She married secondly (10 Mar/22 May 1220) Hugues [XI] de Lusignan Comte de la Marche. Her origin is confirmed in the charter dated 1224 under which "Ugo de Leziniaco comes Marchiæ et Engolismæ et Ysabella uxor eius…regina Angliæ" confirmed rights granted by "bonæ memoriæ Ademaro comite Engolismæ patre eiusdem dominæ Ysabellæ" to Vindelle[582]. Matthew Paris records her death, when he specifies that she was the wife of Hugues Comte de la Marche[583].

Mistress (1): --- de Warenne, daughter of HAMELIN d´Anjou Earl of Surrey & his [second] wife Isabel de Warenne of Surrey (-[killed 1200]). According to Given-Wilson & Curteis[584], one of the mistresses of King John was the "sister of William de Warenne" but the authors do not specify which sister she was. The Chronicle of Robert of Gloucester names "Richard fiz le rei…Ion" and "the erles daughter of Wareine" his mother[585]. The Annales Cestrienses record in 1200 that “W. de Waren meunch fil Regis” was killed[586]. Christie suggests that one possibility is that “meunch” in this source may represent a contraction of “mater Richardi”, another possibility being that it represents “avunculus” and that the entry refers to the death of William de Warenne (although if that is correct, the date makes little sense)[587].


Mistress (3): HAWISE, daughter of ---.

Given-Wilson & Curteis name “Hawise” as the mother of King John´s son Oliver, adding that “she had some claim to land in Kent and it is possible that she was a Tracy”[590]. The primary source which confirms this information has not been identified.

Mistress (4): SUSANNA, daughter of ---. Given-Wilson & Curteis record that she was given a "tunic and super-tunic" in 1213[591]. The primary source which confirms her name and relationship with King John has not yet been identified.

Mistresses (5) - (12): ---. The names of the other mistresses of King John are not known.

King John & his second wife had five children:

1. HENRY (Winchester Castle 1 Oct 1207-Palace of Westminster 16 Nov 1272, bur Westminster Abbey). Matthew Paris records that "Isabel Anglorum regina" gave birth “in die sancti Remigii” 1207 to “Johanni regi filium suum primogenitum...Henricus”[592]. He succeeded his father 28 Oct 1216 as HENRY III King of England. - see below.

2. RICHARD (Winchester Castle 5 Jan 1209-Berkhamstead Castle, Herts 2 Apr 1272, bur Hayles Abbey, Gloucestershire).
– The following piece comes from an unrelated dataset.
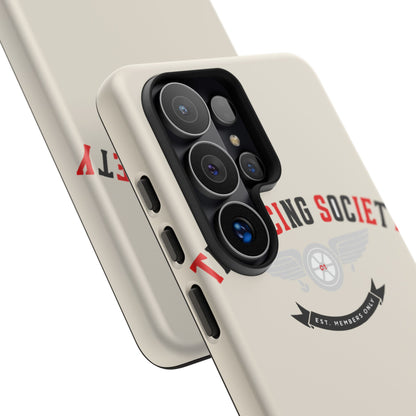 Racing Society Crest — Samsung Galaxy Tough Case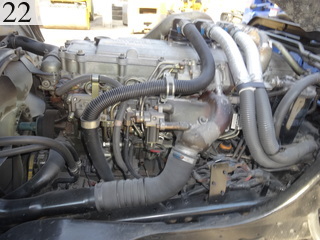 Used Construction Machine Used MITSUBISHI FUSO MITSUBISHI FUSO Truck Equipment carrier KL-FK61FLZ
The Chronicle of Ralph of Coggeshall records the birth in 1209 of "Ricardus secundus filius regis"[593]. Matthew Paris records that "Isabel Anglorum regina" gave birth in 1208 to “Johanni regi filium legitimum...Ricardum”[594]. He was designated Comte de Ponthieu before 14 Aug 1225, and created Earl of Cornwall 30 May 1227. - EARLS of CORNWALL.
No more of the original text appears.